**Your goal**
Within the listing below, please copy exactly the lines between the line holding "See the grip" and the line holding "Ransomware is when", inclusive.

**Dataset records**
● ● ●

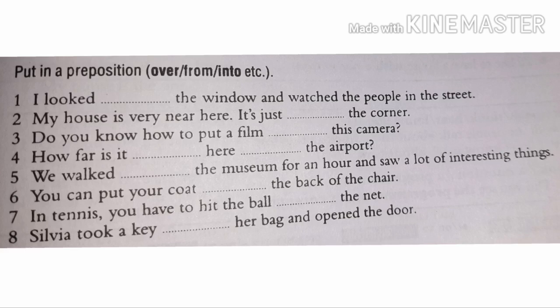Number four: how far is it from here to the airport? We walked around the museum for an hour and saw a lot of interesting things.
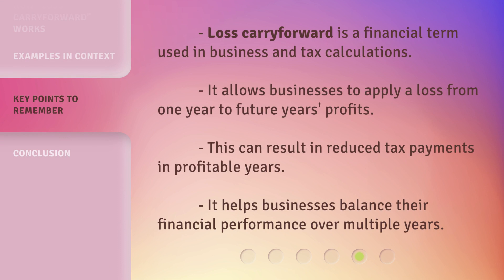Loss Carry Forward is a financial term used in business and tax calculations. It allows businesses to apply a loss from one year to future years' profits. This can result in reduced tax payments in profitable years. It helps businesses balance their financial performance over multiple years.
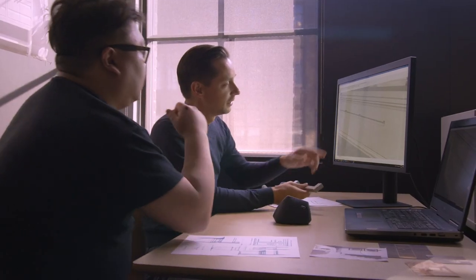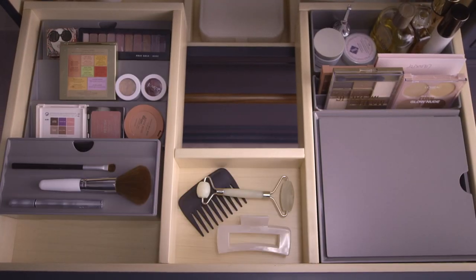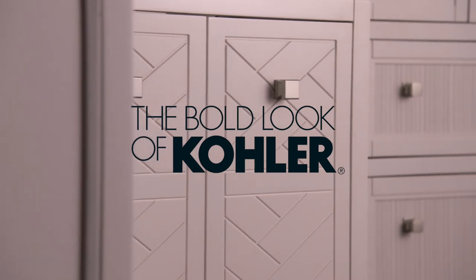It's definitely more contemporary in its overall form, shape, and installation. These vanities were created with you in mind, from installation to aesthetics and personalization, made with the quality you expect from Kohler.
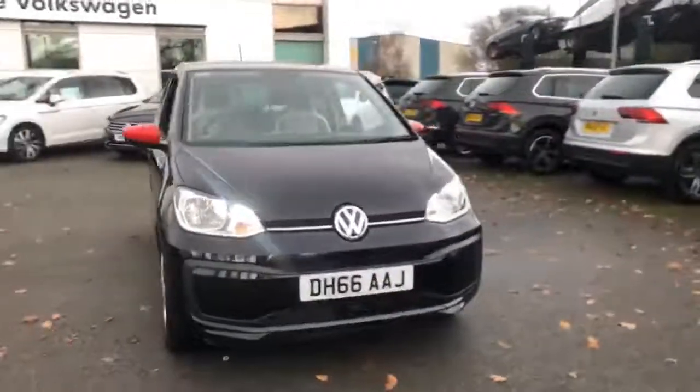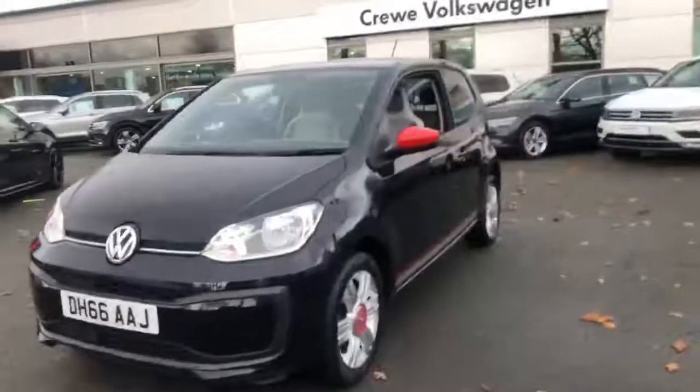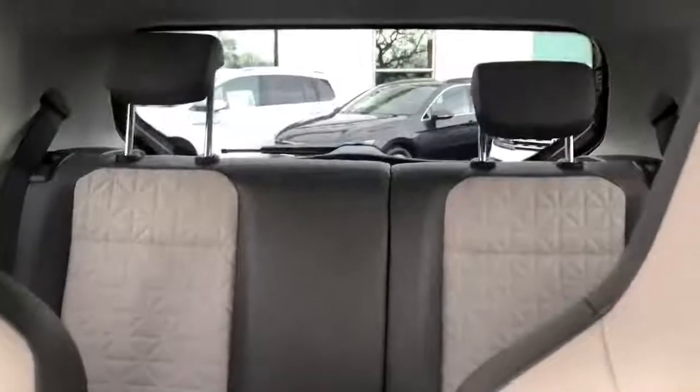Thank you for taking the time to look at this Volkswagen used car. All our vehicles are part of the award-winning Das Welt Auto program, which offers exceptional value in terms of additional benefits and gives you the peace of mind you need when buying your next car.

● ● ●

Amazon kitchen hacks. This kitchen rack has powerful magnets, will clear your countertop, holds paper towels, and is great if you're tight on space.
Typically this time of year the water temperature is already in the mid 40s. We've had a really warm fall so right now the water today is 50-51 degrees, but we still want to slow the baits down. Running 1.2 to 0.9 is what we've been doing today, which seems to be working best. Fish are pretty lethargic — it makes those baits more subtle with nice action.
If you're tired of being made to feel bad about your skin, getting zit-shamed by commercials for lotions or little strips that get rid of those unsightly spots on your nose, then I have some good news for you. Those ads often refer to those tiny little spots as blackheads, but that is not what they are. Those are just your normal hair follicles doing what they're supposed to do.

● ● ●

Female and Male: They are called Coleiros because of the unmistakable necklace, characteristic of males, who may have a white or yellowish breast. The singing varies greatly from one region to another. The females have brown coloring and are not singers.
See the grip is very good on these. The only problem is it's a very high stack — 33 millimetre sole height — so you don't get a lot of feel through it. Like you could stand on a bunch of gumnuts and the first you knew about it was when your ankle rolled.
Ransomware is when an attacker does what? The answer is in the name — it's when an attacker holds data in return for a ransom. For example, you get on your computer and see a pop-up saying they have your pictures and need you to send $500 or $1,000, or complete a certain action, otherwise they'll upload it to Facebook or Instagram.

● ● ●

**Response to this exercise**
See the grip is very good on these. The only problem is it's a very high stack — 33 millimetre sole height — so you don't get a lot of feel through it. Like you could stand on a bunch of gumnuts and the first you knew about it was when your ankle rolled.
Ransomware is when an attacker does what? The answer is in the name — it's when an attacker holds data in return for a ransom. For example, you get on your computer and see a pop-up saying they have your pictures and need you to send $500 or $1,000, or complete a certain action, otherwise they'll upload it to Facebook or Instagram.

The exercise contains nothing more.